◆ **EXERCISE**
Print the records below from the first line through the line containing "You can also", both included, word for word.

── EXERCISE DATA ──

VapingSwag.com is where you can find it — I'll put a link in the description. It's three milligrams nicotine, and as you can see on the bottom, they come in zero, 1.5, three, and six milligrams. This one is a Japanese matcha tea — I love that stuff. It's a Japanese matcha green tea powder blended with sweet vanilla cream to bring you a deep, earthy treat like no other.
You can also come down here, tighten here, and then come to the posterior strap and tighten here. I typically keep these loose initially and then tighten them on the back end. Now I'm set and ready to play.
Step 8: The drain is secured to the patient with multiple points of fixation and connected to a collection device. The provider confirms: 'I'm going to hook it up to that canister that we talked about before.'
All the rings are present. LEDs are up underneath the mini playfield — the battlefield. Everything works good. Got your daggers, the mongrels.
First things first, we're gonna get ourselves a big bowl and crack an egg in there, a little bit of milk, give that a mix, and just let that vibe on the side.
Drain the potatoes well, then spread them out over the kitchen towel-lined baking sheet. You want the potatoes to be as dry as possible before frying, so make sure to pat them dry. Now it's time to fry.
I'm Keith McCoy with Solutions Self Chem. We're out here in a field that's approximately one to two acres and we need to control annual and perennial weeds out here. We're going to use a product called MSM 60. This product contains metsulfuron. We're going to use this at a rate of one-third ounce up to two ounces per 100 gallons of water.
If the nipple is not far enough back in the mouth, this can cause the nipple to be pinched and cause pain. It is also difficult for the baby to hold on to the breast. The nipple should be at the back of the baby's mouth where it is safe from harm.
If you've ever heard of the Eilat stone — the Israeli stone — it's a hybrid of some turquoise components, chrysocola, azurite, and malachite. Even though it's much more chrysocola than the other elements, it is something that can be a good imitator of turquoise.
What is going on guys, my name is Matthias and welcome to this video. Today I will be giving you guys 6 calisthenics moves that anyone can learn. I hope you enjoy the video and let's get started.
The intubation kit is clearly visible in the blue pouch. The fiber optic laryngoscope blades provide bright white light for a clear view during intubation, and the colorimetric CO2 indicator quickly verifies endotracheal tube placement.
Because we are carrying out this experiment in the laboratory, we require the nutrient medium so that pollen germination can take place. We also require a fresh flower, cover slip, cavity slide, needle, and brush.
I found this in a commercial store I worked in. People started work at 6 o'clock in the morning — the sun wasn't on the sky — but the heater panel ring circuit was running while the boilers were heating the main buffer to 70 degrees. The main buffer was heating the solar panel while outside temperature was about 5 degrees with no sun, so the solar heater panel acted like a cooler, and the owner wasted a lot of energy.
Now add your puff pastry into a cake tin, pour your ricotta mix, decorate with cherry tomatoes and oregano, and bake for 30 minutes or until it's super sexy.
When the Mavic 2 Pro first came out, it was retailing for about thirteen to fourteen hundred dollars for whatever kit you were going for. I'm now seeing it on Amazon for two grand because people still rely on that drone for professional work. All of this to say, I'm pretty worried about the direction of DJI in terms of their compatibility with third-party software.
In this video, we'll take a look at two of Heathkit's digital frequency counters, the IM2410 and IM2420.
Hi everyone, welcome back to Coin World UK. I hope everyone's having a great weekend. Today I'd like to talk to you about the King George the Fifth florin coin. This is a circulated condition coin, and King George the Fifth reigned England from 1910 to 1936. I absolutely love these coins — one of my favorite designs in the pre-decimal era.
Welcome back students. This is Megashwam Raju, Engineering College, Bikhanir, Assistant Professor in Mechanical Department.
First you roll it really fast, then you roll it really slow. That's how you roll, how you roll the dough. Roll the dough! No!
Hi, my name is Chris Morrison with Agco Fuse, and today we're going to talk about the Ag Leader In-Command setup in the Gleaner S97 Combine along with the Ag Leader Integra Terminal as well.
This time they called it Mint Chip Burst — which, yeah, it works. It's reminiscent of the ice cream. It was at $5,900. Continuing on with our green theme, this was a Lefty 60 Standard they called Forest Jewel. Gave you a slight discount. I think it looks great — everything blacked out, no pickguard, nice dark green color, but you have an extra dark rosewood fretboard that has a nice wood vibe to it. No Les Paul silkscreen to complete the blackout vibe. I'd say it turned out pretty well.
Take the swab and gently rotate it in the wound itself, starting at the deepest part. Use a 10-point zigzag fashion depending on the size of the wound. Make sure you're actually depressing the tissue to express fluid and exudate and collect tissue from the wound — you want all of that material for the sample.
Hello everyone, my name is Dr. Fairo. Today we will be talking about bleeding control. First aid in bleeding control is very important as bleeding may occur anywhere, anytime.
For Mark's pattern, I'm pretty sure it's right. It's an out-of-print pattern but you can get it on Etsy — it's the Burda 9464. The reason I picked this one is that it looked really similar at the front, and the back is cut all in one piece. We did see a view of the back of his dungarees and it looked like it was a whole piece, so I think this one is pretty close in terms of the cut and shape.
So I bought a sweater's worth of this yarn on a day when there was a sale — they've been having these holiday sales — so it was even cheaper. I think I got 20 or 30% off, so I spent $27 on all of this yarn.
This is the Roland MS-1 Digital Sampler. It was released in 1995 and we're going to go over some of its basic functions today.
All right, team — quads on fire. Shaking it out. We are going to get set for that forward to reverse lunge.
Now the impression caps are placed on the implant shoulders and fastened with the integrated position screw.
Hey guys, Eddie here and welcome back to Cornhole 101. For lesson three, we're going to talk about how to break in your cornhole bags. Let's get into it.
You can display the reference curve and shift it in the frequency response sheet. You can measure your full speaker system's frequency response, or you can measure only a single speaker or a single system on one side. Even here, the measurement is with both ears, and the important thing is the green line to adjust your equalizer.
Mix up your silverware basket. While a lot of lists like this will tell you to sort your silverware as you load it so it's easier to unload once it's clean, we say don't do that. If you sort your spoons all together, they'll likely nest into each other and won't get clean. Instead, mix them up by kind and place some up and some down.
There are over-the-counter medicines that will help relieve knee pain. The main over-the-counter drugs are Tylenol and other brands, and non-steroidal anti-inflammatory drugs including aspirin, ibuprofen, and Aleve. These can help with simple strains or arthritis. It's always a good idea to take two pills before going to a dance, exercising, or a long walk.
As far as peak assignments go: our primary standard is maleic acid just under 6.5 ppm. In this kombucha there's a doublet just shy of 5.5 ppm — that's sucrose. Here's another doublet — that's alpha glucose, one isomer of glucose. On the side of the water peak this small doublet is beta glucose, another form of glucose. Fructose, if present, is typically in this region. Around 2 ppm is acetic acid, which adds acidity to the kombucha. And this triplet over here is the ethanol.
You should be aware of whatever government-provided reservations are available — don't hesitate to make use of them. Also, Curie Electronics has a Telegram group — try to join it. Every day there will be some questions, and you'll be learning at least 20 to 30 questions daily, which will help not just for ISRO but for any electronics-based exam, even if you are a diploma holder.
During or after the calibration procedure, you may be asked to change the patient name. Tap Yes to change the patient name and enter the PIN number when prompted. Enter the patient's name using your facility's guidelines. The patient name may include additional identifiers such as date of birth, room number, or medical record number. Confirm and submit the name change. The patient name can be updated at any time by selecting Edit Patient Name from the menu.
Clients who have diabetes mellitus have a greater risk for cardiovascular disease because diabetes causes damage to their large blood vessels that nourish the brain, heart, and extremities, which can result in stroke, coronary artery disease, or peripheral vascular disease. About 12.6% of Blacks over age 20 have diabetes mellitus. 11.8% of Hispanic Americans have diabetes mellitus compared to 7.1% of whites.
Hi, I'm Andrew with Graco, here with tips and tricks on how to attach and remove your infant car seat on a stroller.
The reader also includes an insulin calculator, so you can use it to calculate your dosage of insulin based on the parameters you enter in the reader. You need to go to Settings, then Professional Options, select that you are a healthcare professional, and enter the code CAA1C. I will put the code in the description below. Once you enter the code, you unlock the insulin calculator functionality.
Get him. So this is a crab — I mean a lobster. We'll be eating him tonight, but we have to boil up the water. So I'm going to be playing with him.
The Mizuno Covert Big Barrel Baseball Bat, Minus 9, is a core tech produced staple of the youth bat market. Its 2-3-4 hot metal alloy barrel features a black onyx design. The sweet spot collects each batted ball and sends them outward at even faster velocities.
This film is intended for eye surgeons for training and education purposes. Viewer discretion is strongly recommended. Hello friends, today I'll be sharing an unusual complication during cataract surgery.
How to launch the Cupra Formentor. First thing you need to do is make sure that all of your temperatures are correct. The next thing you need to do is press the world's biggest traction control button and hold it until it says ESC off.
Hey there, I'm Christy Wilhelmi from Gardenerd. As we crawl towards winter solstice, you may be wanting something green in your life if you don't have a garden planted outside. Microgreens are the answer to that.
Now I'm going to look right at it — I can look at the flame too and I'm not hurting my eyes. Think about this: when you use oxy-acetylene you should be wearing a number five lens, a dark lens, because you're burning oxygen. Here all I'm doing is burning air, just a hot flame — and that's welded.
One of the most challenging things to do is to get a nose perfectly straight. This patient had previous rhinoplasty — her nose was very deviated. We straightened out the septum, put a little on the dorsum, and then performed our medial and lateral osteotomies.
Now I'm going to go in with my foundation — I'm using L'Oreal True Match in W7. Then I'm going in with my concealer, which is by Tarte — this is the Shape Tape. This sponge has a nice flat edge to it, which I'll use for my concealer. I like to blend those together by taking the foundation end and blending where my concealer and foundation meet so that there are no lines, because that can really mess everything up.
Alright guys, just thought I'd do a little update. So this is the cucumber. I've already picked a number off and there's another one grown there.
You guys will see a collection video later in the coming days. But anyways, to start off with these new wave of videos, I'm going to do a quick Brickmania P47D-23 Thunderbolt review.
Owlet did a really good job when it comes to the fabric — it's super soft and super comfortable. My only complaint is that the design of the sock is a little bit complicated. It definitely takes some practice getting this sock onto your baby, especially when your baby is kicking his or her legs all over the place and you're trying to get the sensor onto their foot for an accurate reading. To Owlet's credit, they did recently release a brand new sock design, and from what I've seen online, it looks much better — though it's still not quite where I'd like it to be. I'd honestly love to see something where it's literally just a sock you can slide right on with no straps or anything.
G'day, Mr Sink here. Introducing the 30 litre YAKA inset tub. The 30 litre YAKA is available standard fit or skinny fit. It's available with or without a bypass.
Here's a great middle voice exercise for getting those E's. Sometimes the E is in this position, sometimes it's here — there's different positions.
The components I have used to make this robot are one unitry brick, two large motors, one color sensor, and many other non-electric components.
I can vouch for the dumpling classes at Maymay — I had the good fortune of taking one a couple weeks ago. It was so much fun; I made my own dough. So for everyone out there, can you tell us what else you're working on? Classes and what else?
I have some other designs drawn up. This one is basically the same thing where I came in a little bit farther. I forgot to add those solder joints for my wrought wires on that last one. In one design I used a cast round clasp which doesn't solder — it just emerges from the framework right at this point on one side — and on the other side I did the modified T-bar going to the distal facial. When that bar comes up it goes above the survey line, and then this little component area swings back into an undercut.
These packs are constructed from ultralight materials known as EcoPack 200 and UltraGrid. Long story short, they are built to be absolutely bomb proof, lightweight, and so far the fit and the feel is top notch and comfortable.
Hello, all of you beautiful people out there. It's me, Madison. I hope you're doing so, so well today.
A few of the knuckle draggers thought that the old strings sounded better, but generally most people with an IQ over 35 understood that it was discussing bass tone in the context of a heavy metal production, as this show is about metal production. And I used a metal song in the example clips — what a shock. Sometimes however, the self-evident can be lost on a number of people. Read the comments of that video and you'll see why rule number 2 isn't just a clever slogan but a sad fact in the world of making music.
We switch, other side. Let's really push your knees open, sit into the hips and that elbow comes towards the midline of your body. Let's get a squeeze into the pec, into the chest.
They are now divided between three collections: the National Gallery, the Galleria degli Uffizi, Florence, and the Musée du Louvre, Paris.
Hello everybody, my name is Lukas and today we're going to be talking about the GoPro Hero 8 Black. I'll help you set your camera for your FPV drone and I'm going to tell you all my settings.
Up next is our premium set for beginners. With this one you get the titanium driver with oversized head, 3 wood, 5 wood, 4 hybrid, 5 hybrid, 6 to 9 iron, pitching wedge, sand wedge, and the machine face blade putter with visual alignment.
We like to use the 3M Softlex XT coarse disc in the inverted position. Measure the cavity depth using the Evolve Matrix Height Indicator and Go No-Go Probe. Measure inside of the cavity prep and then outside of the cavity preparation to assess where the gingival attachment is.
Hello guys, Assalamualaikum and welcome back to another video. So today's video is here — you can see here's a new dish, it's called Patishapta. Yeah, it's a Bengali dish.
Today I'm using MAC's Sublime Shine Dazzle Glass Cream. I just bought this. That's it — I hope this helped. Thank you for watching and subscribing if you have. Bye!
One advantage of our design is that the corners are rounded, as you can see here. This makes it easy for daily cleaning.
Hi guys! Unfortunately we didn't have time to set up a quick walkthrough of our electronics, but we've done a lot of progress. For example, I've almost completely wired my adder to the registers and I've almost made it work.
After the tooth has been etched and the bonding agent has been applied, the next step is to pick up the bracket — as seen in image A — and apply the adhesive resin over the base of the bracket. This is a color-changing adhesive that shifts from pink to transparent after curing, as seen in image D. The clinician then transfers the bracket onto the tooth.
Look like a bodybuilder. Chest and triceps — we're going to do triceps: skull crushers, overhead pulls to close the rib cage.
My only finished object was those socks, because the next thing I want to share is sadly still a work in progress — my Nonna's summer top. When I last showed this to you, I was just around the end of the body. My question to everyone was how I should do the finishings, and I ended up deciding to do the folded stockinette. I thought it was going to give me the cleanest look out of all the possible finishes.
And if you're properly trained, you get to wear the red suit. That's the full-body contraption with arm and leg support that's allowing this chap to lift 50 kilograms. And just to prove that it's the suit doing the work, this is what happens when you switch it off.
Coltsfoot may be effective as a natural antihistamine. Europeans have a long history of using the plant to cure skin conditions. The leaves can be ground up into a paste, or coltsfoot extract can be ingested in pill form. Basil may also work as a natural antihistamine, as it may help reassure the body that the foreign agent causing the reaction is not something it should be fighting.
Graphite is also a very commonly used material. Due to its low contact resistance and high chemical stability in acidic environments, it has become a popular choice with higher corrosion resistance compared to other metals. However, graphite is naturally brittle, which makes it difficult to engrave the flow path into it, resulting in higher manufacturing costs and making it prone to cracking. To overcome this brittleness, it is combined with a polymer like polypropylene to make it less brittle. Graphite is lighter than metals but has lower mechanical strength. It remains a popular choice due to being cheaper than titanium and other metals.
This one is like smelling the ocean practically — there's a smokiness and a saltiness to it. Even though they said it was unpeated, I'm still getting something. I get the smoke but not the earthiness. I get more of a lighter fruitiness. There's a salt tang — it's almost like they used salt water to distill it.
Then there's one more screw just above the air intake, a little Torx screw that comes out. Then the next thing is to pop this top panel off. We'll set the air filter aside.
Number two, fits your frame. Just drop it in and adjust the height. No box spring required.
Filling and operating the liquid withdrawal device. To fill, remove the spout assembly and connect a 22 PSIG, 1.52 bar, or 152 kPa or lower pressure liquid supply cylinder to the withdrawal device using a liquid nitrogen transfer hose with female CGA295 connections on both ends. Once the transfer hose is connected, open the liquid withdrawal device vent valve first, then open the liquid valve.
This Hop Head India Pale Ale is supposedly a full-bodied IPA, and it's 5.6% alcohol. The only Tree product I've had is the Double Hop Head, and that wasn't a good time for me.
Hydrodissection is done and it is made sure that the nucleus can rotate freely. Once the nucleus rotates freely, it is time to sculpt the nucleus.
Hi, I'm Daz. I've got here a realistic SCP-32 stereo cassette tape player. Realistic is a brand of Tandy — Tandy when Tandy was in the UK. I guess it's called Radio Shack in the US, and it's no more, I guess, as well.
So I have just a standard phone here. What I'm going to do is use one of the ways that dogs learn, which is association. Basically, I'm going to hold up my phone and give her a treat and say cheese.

───

◆ **SOLVED PROBLEM**
VapingSwag.com is where you can find it — I'll put a link in the description. It's three milligrams nicotine, and as you can see on the bottom, they come in zero, 1.5, three, and six milligrams. This one is a Japanese matcha tea — I love that stuff. It's a Japanese matcha green tea powder blended with sweet vanilla cream to bring you a deep, earthy treat like no other.
You can also come down here, tighten here, and then come to the posterior strap and tighten here. I typically keep these loose initially and then tighten them on the back end. Now I'm set and ready to play.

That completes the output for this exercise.